The couple wasn't able to talk alone until later that night. The night Morgan had arrived, he'd been so exhausted that he'd fallen asleep mere minutes after arriving. Tonight, he anticipated spending some very important time with his wife, and even while he tucked Karen into bed, he imagined everything he'd like to do with Jennifer.

"You know, she misses you a lot," complained Jennifer from Karen's bedroom door. Light illuminated her profile as she continued, "When I told her you were coming home, she didn't stop talking about it all week.

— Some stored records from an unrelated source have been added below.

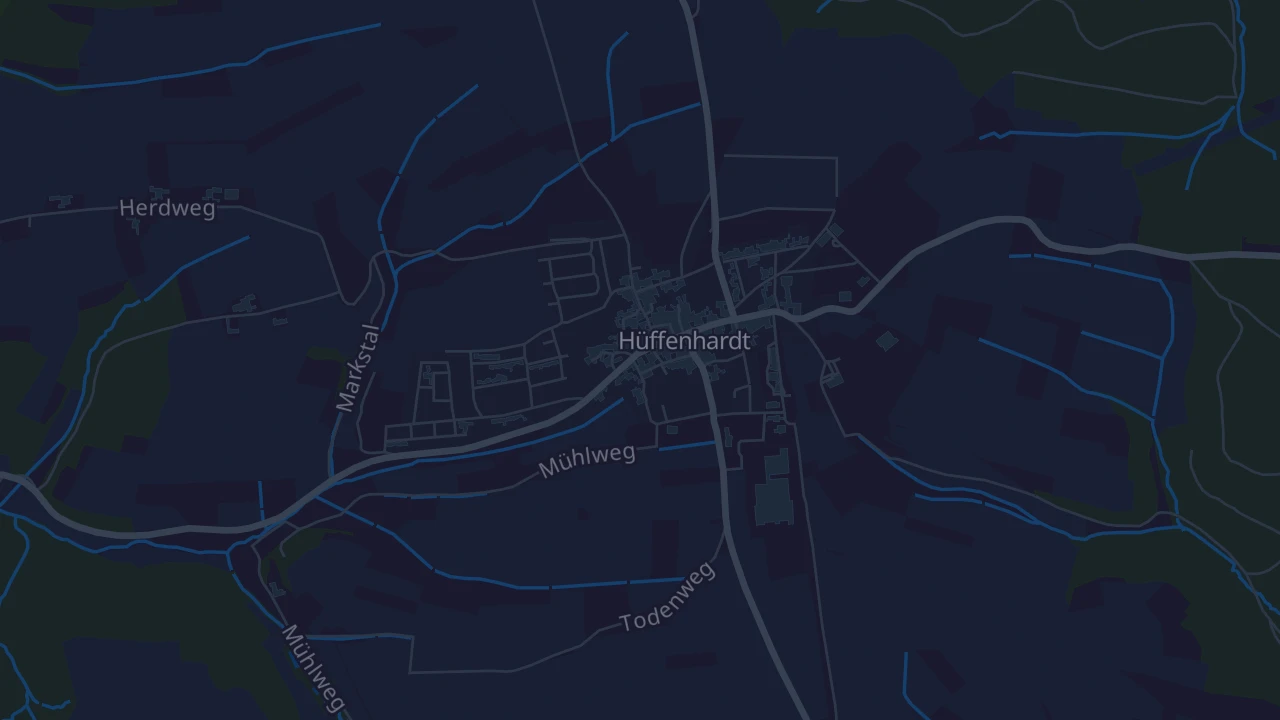 Karte von Hüffenhardt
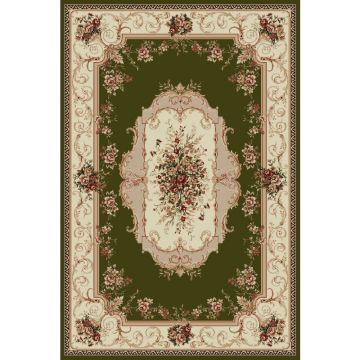 Covor Dreptunghiular, 60 x 110 cm, Verde, Lotos 507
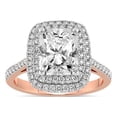 thumbnail image 1 of 4 Carat IGI Certified Radiant Shape Lab Grown Diamond Engagement Ring | 14K Rose Gold |Arya Double Halo Diamond Ring | FG-VS1-VS2 Quality Friendly Diamonds, 1 of 4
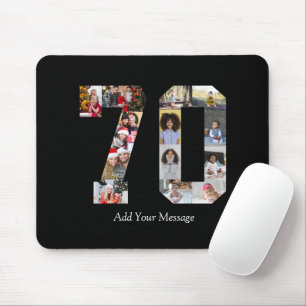 Zahl 70 FotoCollage Mousepad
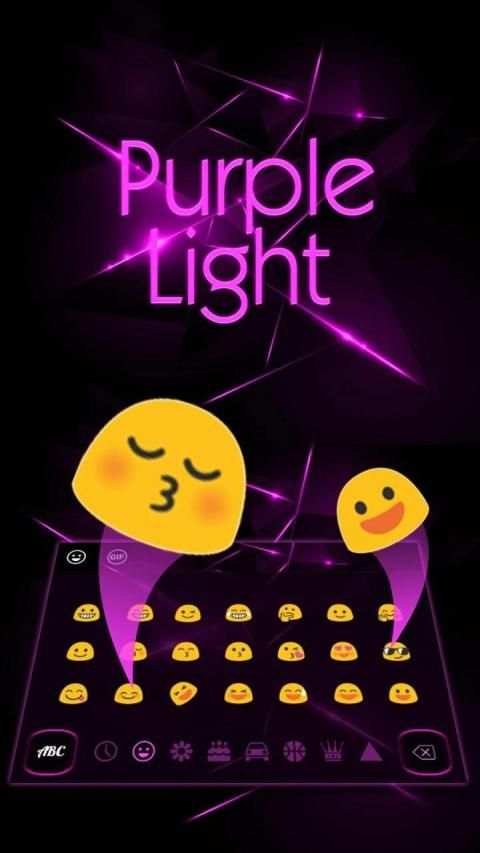 Purple Light Black Keyboard स्क्रीनशॉट 1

She needs her father at home."

"And I need her with me," Morgan breathed. "I wanted to talk to you about it, although I wasn't going to bring it up until later."

"Bring what up?" Jennifer asked.

"It's Karen," Morgan answered. "I hate not being there for her; I hate not being a real dad. I'm bring her along on the Silverman with me when we leave."

"You're what?"

"It'll be a short journey," Morgan assured her, "with almost no chance of serious danger. We're escorting an ambassador to a foreign planet, and coming right back. We won't be gone more than a month, tops, and I've arranged for a tutor."

"Isaac, I can't take a full month off work," Jennifer interrupted.

Here was the challenging part of the discussion. "Well, Jennifer, I didn't arrange for passage for you," he confessed. As anger smoldered in her eyes, he protested, "It's not like that. Please, honey. I miss my daughter. I got the admiral to make an allowance for her and her tutor, but there was no way I could have brought you along."

"No," Jennifer hissed. "No, Isaac, I won't let you do it."

"You can't forbid me from spending time with my daughter," Morgan retorted. "I'm your husband, and her father, and I have a right to spend time with her."

These words shamed Jennifer for a moment; he could tell from the way she lowered her eyes and her lip quivered as though she fought tears. Hope that she would give in flared for a second, then abruptly died as she announced, "I want a divorce."